1980 non-fiction book by William R. Catton

Overshoot: The Ecological Basis of Revolutionary Change is a book by American sociologist William R. Catton Jr. The book is divided into several parts and discusses how humanity's overexploitation of Earth's resources has led to human consumption exceeding the planet's capacity for regeneration.

== Background ==

Catton began writing the manuscript that would become this book during a three-year post as Professor of Sociology at the University of Canterbury in Christchurch, New Zealand, then returned to his home country in 1973 as Professor of Sociology at Washington State University. During this period, Catton, in collaboration with fellow scholar Riley E. Dunlap, produced a series of articles on ecological issues.

==Summary==
The book argues in favour of a new perspective on the exploitation of resources, which it holds threatens future generations, and calls for questioning established ways of thinking in favor of greater environmental awareness.

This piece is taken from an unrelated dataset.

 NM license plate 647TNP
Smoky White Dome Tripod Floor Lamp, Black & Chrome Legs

It describes what the author terms "the tragic story of human success": a period of rapid population growth and technological innovation that pushed humanity beyond the planet's carrying capacity.

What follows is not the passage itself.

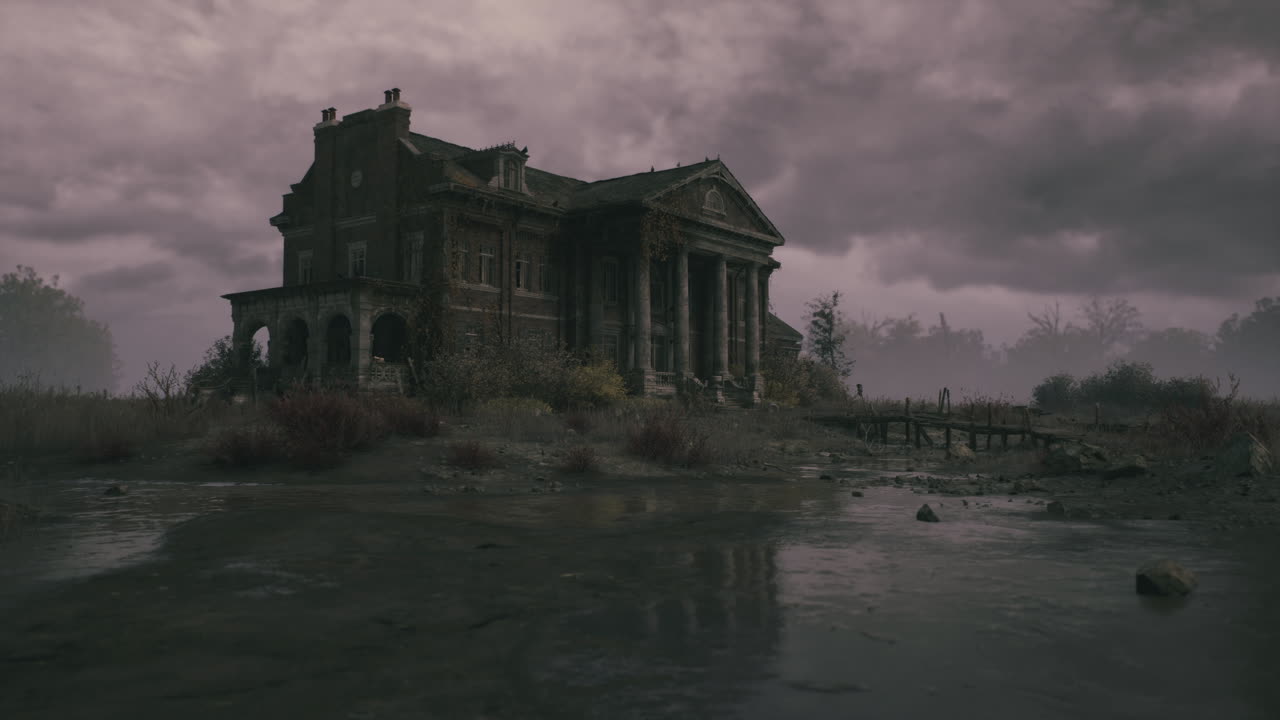 Mysterious abandoned mansion in a desolate landscape during overcast skies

The book contends that this overshoot has been worsened by technological advances and a culture of abundance, and describes a decline from what the author terms "the Age of Exuberance", a period when abundance and liberty rested on now-eroding ecological conditions.

It examines the ecological causes of this decline, drawing on Malthus's 1798 Essay on the Principle of Population, the history of tool use, and the Industrial Revolution. Malthus argued that populations grow exponentially while subsistence grows only linearly, producing food shortages once a population's biotic potential exceeds its habitat's carrying capacity.

== Reception ==

Robert Wisniewski, reviewing the book for the Humboldt Journal of Social Relations, called it intellectually demanding but valuable for readers willing to engage with its ecological argument about an impending population decline.

Anne Ehrlich, in the Bulletin of the Atomic Scientists, called it "required reading for decision makers."

In Derrick Jensen's 1995 book Listening to the Land, he introduced his interview with Catton using a passage from Overshoot: "In a future that is as unavoidable as it will be unwelcome, survival and sanity may depend upon our ability to cherish rather than to disparage the concept of human dignity."

Dave Foreman, cofounder of Earth First! and Wild Earth magazine, called Overshoot one of the most important books he had read and Catton one of his greatest teachers.

Tom Butler, a former Wild Earth editor, dedicated his 2015 book Overdevelopment, Overpopulation, Overshoot to Catton, describing him as a "peerless teacher on the perils of overshoot."

In a 2023 review, Paul Mobbs argued that Overshoot is less about the ecological processes of overshoot and collapse than about how humans collectively respond to them.